Friday, October 10, 2008

Obama Scraps Plans to Change Middle Name

Despite the fact that his middle name has been branded as “inappropriate rhetoric” by his presidential rival, Barack Obama announced today that he’s scrapping a plan to change the name before inauguration day.
Just yesterday, the chairman of the Lehigh County (Pa.) Republican Party was chastised by Sen. John McCain’s campaign for using the name ‘Barack Hussein Obama’ during a McCain political rally.
Sen. McCain said he’s sensitive to the issue because his own middle name, Sidney, “sounds either foreign or girly” and he has threatened to “beat the gumption out of anyone who uses it…except for Gov. Palin, who could kick my keister six ways to Sunday.”
“We don’t have to stoop to reminding people,” said Sen. McCain, “that Sen. Obama has a middle name that crawls out of a spider hole and bows toward Mecca five times a day. Besides, if we wanted stir up xenophobia, we could just say ‘Barack Obama’…which I think comes from the bar scene in Star Wars.”
Initially, campaign insiders said, Sen. Obama mulled changing the name because he believed that the presidential oath of office administered by the Chief Justice of the Supreme Court had to include his full name.
“He didn’t want to spur panic in the small towns and rural areas where folks cling to their guns and religion,” an unnamed source said. “Obama has great compassion on the little people and he didn’t want them unduly alarmed.”
However, he abandoned name-change plans after a review of historical records revealed that Ronald Wilson Reagan (’81), James Earl ‘Jimmy’ Carter (’77) and Richard Milhouse Nixon’s (’73) middle names were left out when they took their oaths, each for a good reason.

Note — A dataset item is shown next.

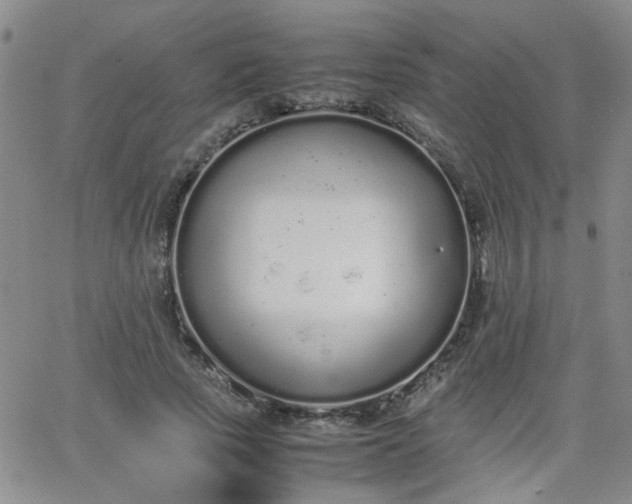 X0000066080737200603171030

President Reagan sought to avoid offering an uncompensated endorsement to the manufacturer of sporting equipment. Mr. Carter, a humble Georgia peanut farmer, grew concerned his middle name sounded like a pretentious title of royalty, and thus he used only ‘Jimmy’. Mr. Nixon, in a prophetic decision, helped historians avoid confusing him with Bart Simpson’s best friend.
Gerald R. Ford (’74) used his middle initial, to avoid having to say ‘Rudolph’ because he didn’t want to stir up the latent, but virulent, anti-Germanic sentiment that threatened to tear the nation apart during the disco era.
Both Lyndon Baines Johnson (’63) and John Fitzgerald Kennedy (’61), on the other hand, used their full names during the swearing-in ceremony, according to one presidential historian, “so they could have nifty, monogram nicknames like FDR.”
Sen. Obama noted again that he is not a Muslim, and that Americans shouldn’t fear his “funny sounding name.”
“If you want to be scared of something,” he added, “be frightened of my socialistic domestic policies, my amoral social policies and my capitulationist foreign policy. After all, what’s in a name?”